But if it was only simple entertainment, I do not think that it would be anything more than just a good book. Instead, this simple children's story resonates and fascinates. It teases and hints at something larger and grander, and it instructs and lectures as from one of the most subtle intellects without ever feeling like it has instructing, lecturing or being condescending.
At it's heart, the complaint I opened the review with is just a variation on one of the many nuanced observations Tolkien makes in 'The Hobbit' when he complains that a story of a good time is always too quickly told, but a story of evil times often requires a great many words to cover the events thereof. How often has that idea fascinated me?
Consider also how the story opens, with Bilbo's breezy unreflective manners which are polite in form but not in spirit, and Gandalf's continual meditation on the meaning of 'Good morning.' How much insight is concealed within Gandalf's gentle humor! How often do we find ourselves, like Bilbo, saying something we don't really mean and using words to mean something very unlike their plain meaning! How often do we find ourselves saying, "I don't mean to be rude, but...", when in fact we mean, "I very much mean to be rude, and here it comes!" If we did not mean to be rude, surely we wouldn't say what we say. Instead we mean, "I'm going to be rude but I don't want you to think I'm someone who is normally rude...", or "I'm going to put myself forward, but I don't want you to think of me who is normally someone so arrogant...", or even, "I'm going to be rude, but I don't want to think of myself as someone who is rude, so I'm going to pretend I'm not being rude..."
I think that is what makes this more than just a good book, but a great one. Tolkien is able to gently skewer us for our all too human failings, and he does so without adopting any of the cynicism or self-loathing so common with those that seek out to skewer humanity for its so evident failings.
We fantasize about heroes which are strong and comely of form, and we have for as long as we've had recorded literature. Our comic books are filled with those neo-pagan mythic heroes whose exaggerated human virtues always amounts to, whatever else may be true of them, 'beats people up good'. These modern Ajaxs, Helens and Achilles dominate the box office, and I would imagine dominate our internal most private fantasy lives as well. Oh sure, the superhero of our fantasy might have superhuman ethics to go along with his superhuman ability to kick butt, attract the opposite sex, and enforce their will upon others, but it is always attached to and ultimately secondary to our fantasy of power and virility. How different is Tolkien's protagonist from Heracles, Lancelot, Beowulf, or Batman - short, small, mundane, and weak. Of all the principal characters of the story, he possesses probably the least of that quintessential heroic attribute - martial prowess.

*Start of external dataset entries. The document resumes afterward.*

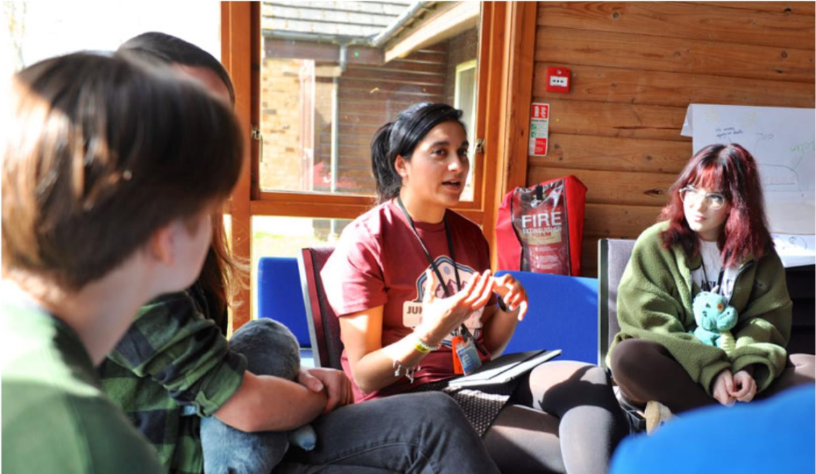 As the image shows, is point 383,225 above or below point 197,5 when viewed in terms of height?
below

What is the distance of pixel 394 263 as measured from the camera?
1699 mm

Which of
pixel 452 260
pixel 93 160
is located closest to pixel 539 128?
pixel 452 260

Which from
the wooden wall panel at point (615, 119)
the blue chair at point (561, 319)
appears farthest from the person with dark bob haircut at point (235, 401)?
the wooden wall panel at point (615, 119)

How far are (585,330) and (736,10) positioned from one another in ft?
6.94

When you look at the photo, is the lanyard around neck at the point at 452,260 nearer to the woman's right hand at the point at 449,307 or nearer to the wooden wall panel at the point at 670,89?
the woman's right hand at the point at 449,307

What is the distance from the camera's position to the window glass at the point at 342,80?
299 centimetres

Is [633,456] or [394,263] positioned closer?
[633,456]

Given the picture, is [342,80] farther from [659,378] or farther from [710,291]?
[659,378]

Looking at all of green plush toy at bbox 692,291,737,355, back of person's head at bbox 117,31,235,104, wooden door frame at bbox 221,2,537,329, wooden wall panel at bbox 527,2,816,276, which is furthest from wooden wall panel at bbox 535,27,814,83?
back of person's head at bbox 117,31,235,104

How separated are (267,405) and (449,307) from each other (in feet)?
1.94

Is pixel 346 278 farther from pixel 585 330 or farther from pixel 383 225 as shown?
pixel 585 330

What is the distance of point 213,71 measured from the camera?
1104 mm

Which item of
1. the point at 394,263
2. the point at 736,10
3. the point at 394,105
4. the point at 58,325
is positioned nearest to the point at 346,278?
the point at 394,263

And yet, he is not actually merely an 'average Joe'. Bilbo is just as much an exaggerated idealized hero as Heracles, it's just that those attributes in which Bilbo is almost transcendently inhuman isn't the sort of attributes we normally fantasize about having ourselves. Bilbo is gentle. He is simple. He is humble. Power and wealth have little attraction for him. He is kind. He takes less than his share, and that that he takes he gives away. He is a peacemaker. Though wrongly imprisoned, he bears no grudge and desires no vengeance for the wrongs done to him. Rather he apologizes for stealing food, and offers to repay in recompense far more than he took. Though mistreated, he harbors no enmity. He never puts himself forward, but he never shirks when others do.

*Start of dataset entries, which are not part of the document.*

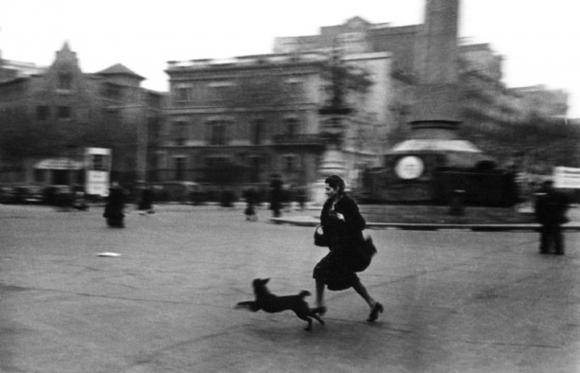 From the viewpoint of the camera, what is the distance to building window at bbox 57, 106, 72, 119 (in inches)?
1676

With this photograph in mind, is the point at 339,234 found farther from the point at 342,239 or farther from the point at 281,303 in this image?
the point at 281,303

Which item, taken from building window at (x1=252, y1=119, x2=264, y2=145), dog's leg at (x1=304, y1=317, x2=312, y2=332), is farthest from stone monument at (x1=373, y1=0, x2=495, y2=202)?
building window at (x1=252, y1=119, x2=264, y2=145)

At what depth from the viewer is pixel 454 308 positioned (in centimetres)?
798

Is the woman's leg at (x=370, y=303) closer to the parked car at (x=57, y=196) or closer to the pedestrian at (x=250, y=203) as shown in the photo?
the pedestrian at (x=250, y=203)

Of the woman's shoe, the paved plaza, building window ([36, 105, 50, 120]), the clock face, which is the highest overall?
building window ([36, 105, 50, 120])

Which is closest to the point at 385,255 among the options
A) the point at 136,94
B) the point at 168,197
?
the point at 168,197

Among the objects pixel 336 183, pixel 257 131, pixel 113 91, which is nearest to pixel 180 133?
pixel 257 131

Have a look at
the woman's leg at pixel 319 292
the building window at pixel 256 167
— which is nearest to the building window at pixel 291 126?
the building window at pixel 256 167

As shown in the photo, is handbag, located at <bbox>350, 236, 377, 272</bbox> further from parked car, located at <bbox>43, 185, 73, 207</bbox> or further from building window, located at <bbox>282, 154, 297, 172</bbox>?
building window, located at <bbox>282, 154, 297, 172</bbox>

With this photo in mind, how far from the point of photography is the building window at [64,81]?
29.2 metres

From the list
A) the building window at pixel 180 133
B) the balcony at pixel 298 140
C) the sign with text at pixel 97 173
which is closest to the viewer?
the sign with text at pixel 97 173

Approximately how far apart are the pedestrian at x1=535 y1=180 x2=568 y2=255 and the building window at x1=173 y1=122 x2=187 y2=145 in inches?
2064

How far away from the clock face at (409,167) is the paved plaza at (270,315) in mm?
9280

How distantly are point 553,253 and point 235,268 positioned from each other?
6.91m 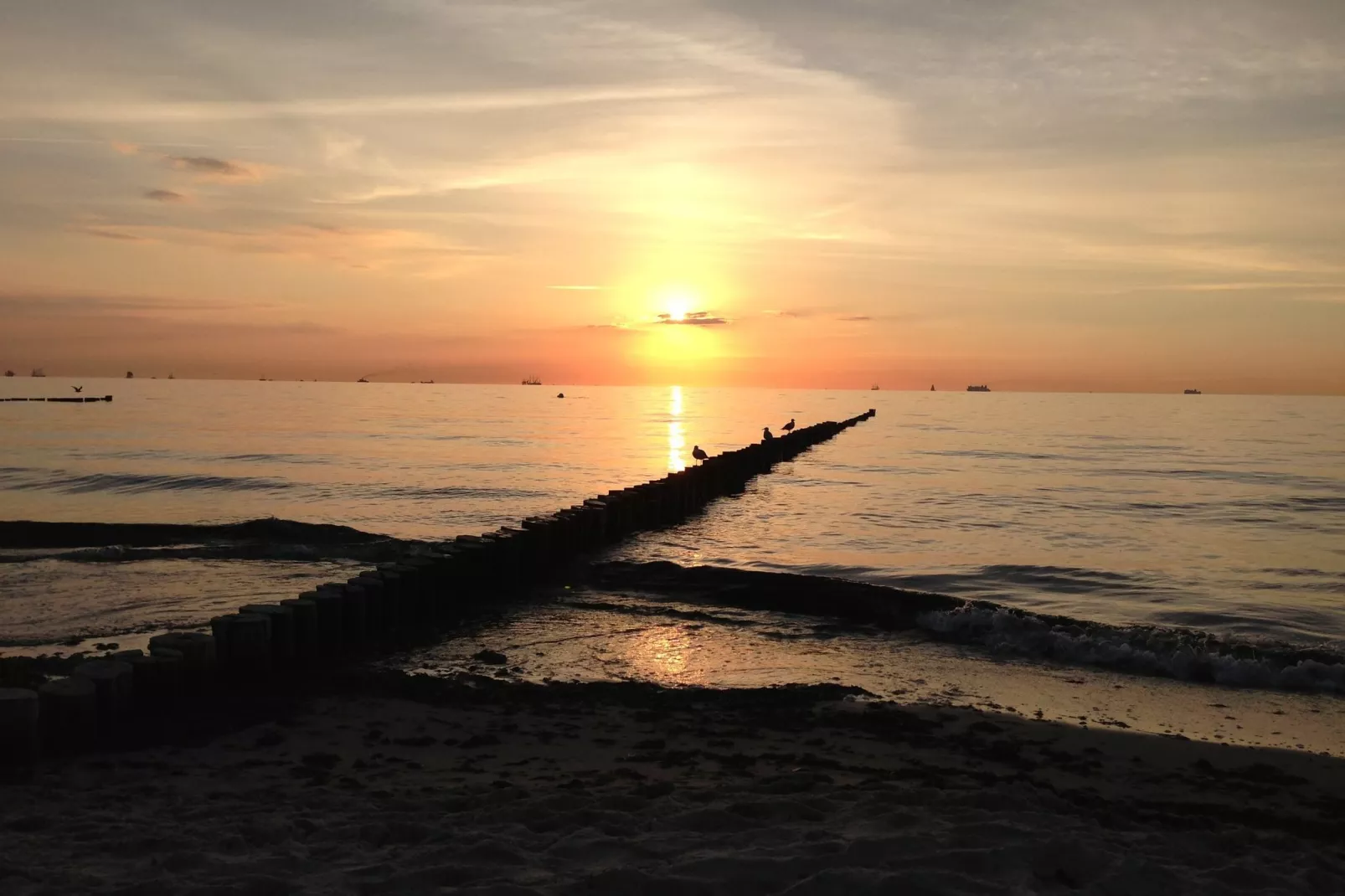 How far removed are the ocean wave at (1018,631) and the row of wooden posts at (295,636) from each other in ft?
5.12

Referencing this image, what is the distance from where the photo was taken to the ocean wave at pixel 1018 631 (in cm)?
1038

How often do we fantasize about being this different sort of hero, and yet how much better we would be if we did? How much better off would we be if we, like Thorin could declare in our hearts, "There is more in you of good than you know, child of the kindly West. Some courage and some wisdom, blended in measure. If more of us valued food and cheer and song above hoarded gold, it would be a merrier world." How often is it that we hunger after all the wrong things? What profit would we really have if we had in great measure the power to 'beat people up good'? What real use could we put it too? How much better off would we be individually and as a people if we most desired to be graced with Bilbo's virtues, rather than Achilles speed, strength, and skill with arms? How much less mature does this mere children's book of a well lit-world cause our darker fantasies to seem?
Now, I admit I am biased in my review. I read this book 36 times before the age of 16. I broke the spines of three copies of it with continual reading. Yet in my defense I will say that I'm considered only a moderate fan of the book by many. I've known several devotees of the book who, like the protagonist of Bradbury's 'Fahrenheit 451', can recite whole chapters from memory - ensuring that this would be one of the few books that would survive the sudden destruction of all the world's technology if only the world's story teller's survived. If you are inclined to think no book can be that good, and that my review overhypes it, so much the better. Go in with low expectations so as to be certain that they will be met or exceeded. Forget all I have said save that, "If you haven't read it, you should, because it is quite enjoyable.""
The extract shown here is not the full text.